__THE TASK__.
Copy, exactly as written, the lines that begin at the one containing "Used Mercedes-Benz GLS" and end at the one containing "LOUIS VUITTON NEW". Skip any pictures in the data below.
━━━━━━━━━━━━━━━━━━━━
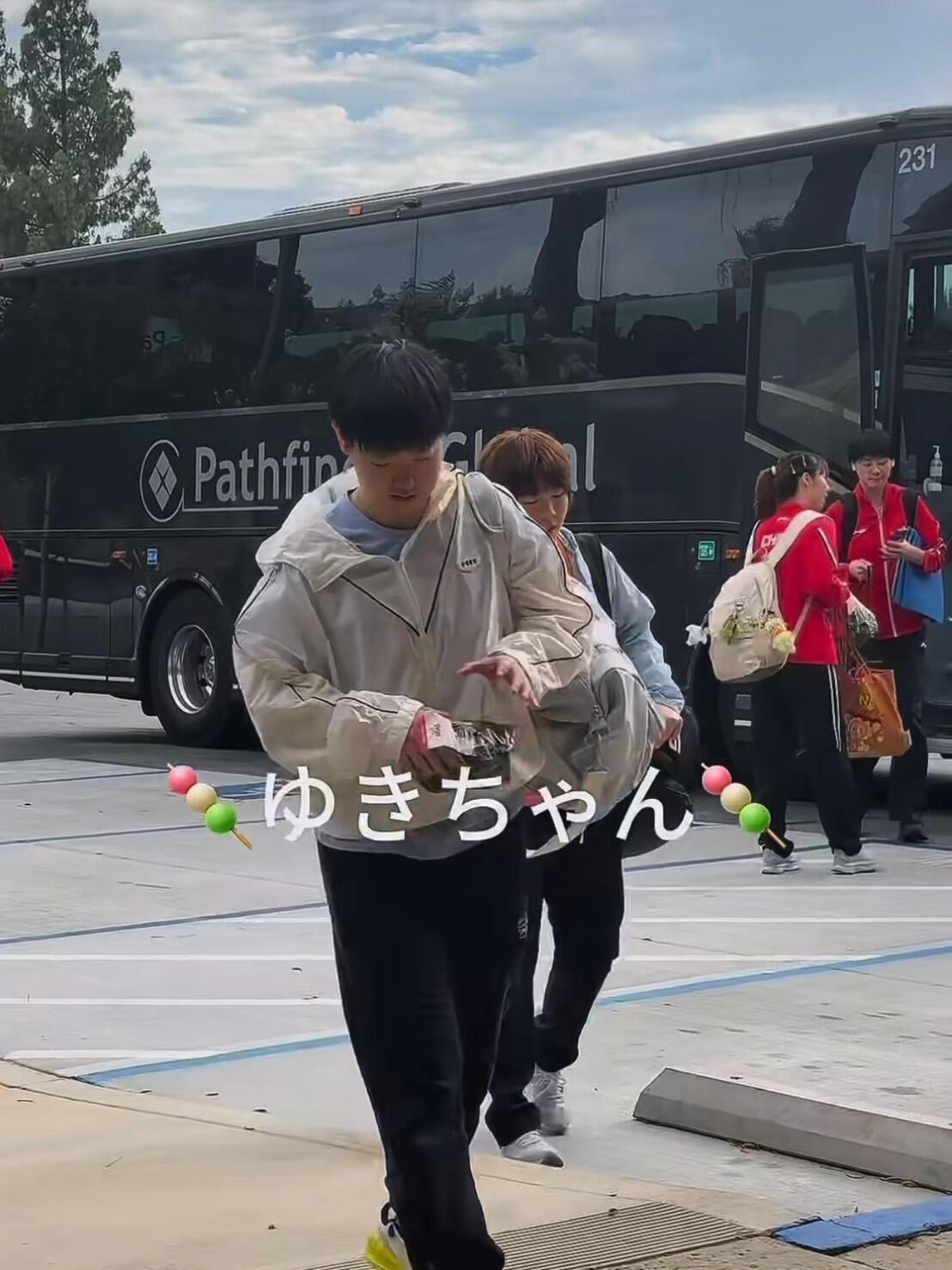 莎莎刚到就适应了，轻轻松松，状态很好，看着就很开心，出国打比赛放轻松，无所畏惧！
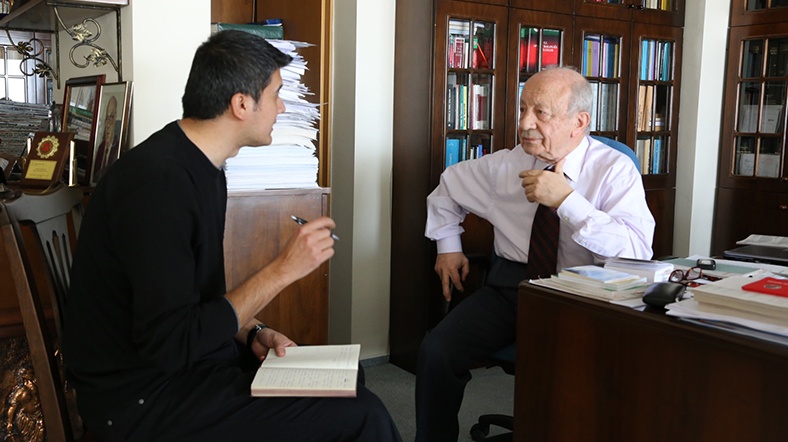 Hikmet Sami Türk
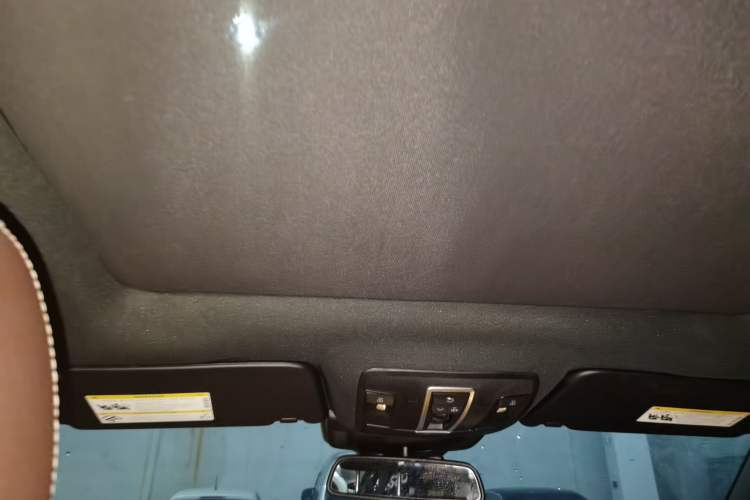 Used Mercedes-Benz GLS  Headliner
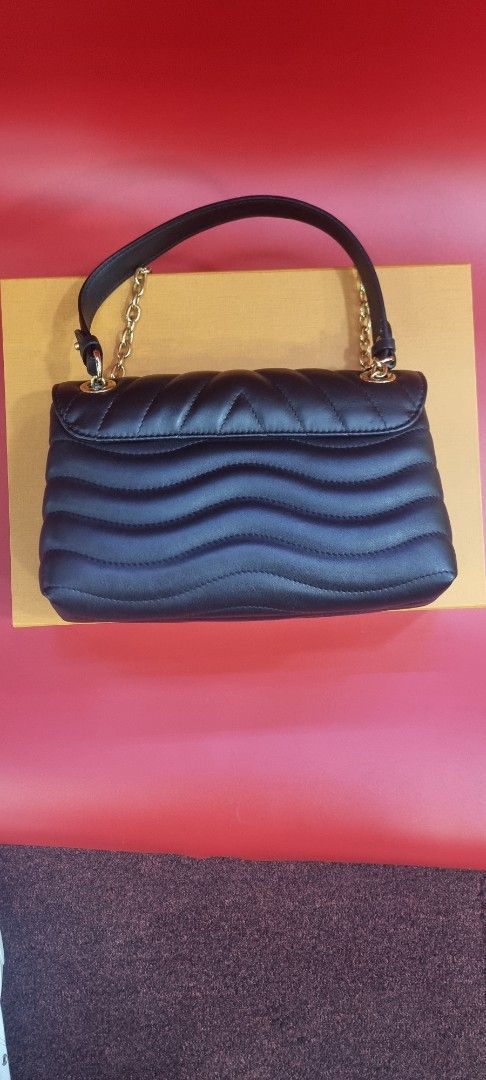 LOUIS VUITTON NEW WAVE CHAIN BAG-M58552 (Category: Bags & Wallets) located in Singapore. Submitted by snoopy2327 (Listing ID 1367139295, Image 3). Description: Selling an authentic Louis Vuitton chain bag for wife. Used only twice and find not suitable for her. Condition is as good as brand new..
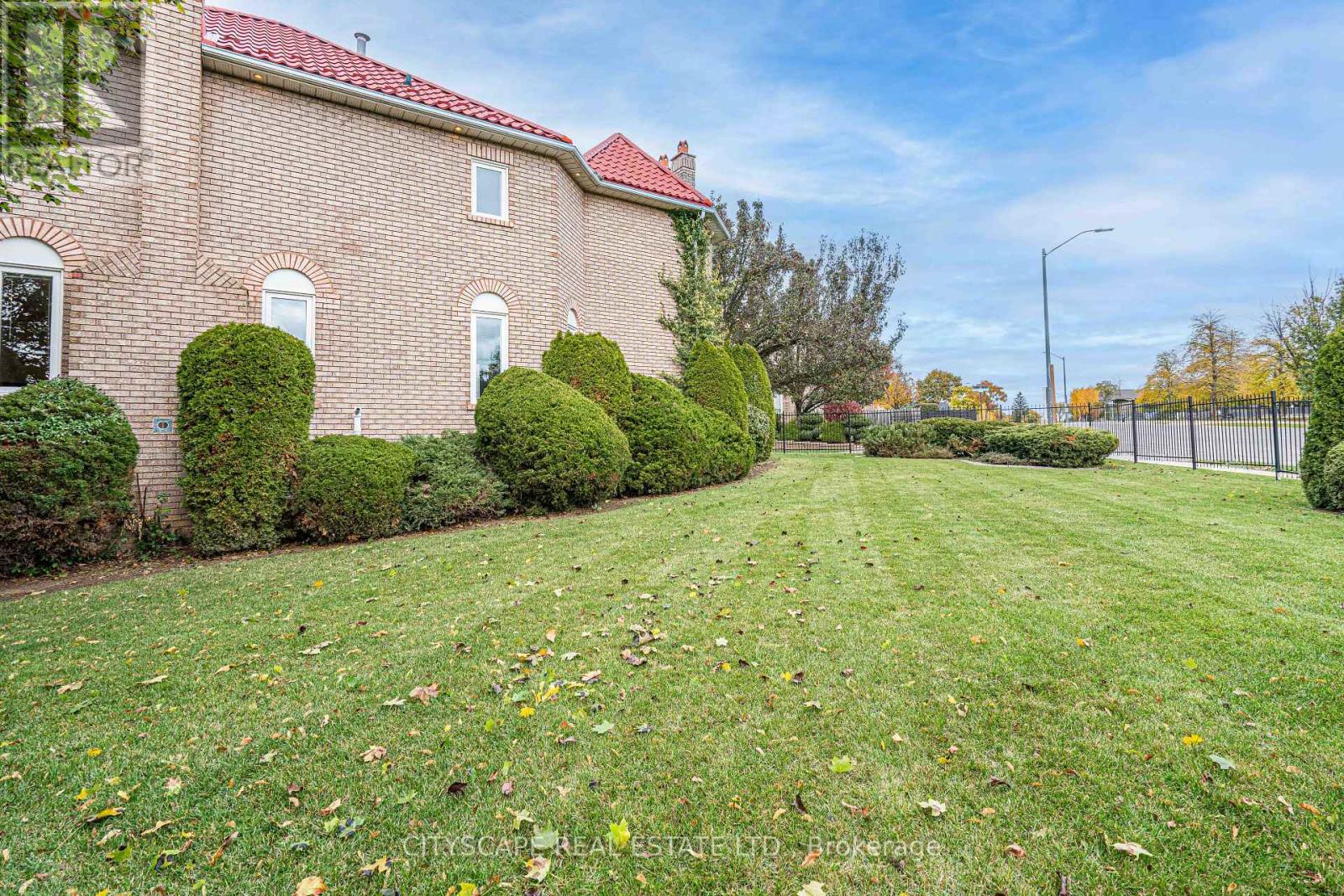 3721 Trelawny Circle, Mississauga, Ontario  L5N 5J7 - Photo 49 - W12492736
━━━━━━━━━━━━━━━━━━━━
__OUTPUT__.
 Used Mercedes-Benz GLS  Headliner
 LOUIS VUITTON NEW WAVE CHAIN BAG-M58552 (Category: Bags & Wallets) located in Singapore. Submitted by snoopy2327 (Listing ID 1367139295, Image 3). Description: Selling an authentic Louis Vuitton chain bag for wife. Used only twice and find not suitable for her. Condition is as good as brand new..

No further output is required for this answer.